### Dataset section

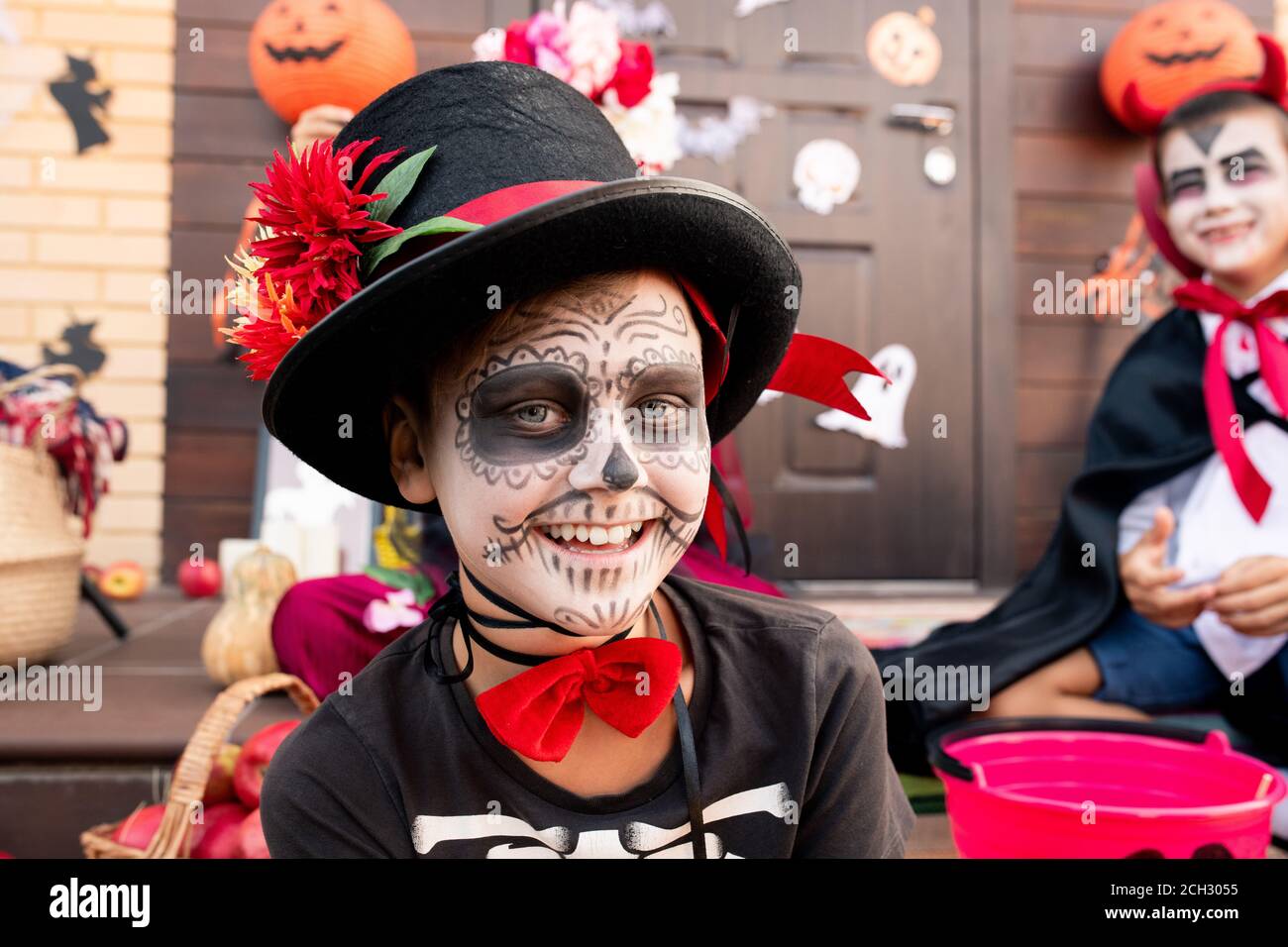 Felice ragazzo carino con la faccia dipinta seduta di fronte fotocamera contro i suoi amici Foto Stock
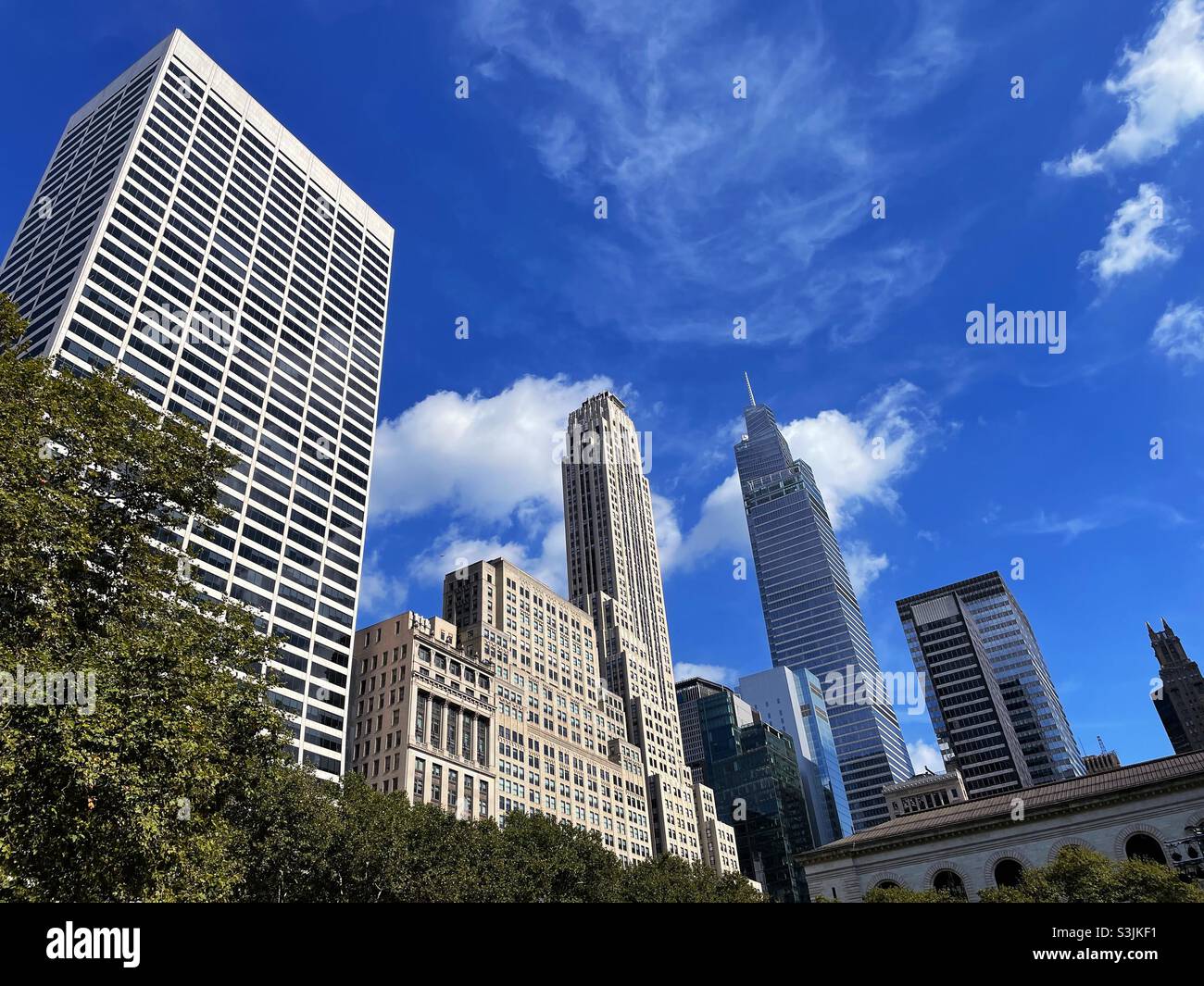 Skyscrapers and One Vanderbilt as seen from Bryant Park behind the main branch of the new York public library, NYC, USA, 2021 - Smartphone Captured Stock Image
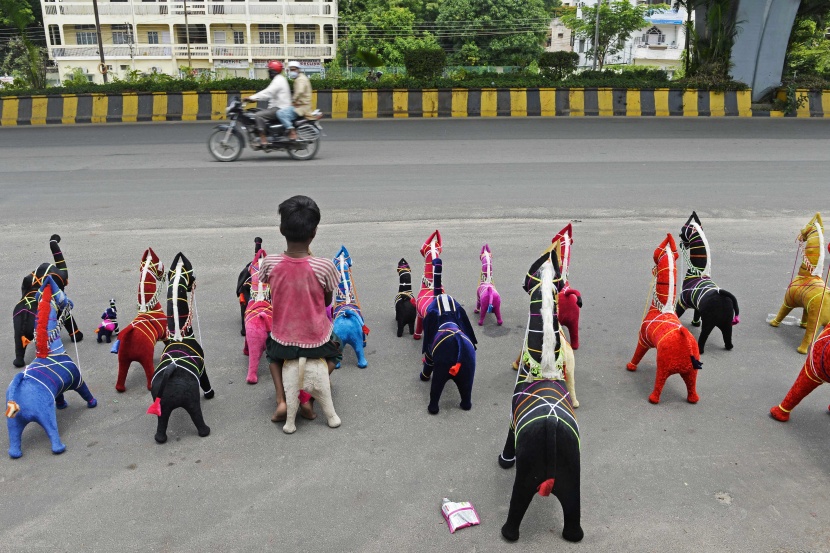 لجذب العملاء.. طفل بائع يجلس على لعبة محشوة على الطريق في حيدر أباد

### Task prompt
For each line above, output its wording exactly and leave out any picture.

### Output for this exercise
 Felice ragazzo carino con la faccia dipinta seduta di fronte fotocamera contro i suoi amici Foto Stock
 Skyscrapers and One Vanderbilt as seen from Bryant Park behind the main branch of the new York public library, NYC, USA, 2021 - Smartphone Captured Stock Image
 لجذب العملاء.. طفل بائع يجلس على لعبة محشوة على الطريق في حيدر أباد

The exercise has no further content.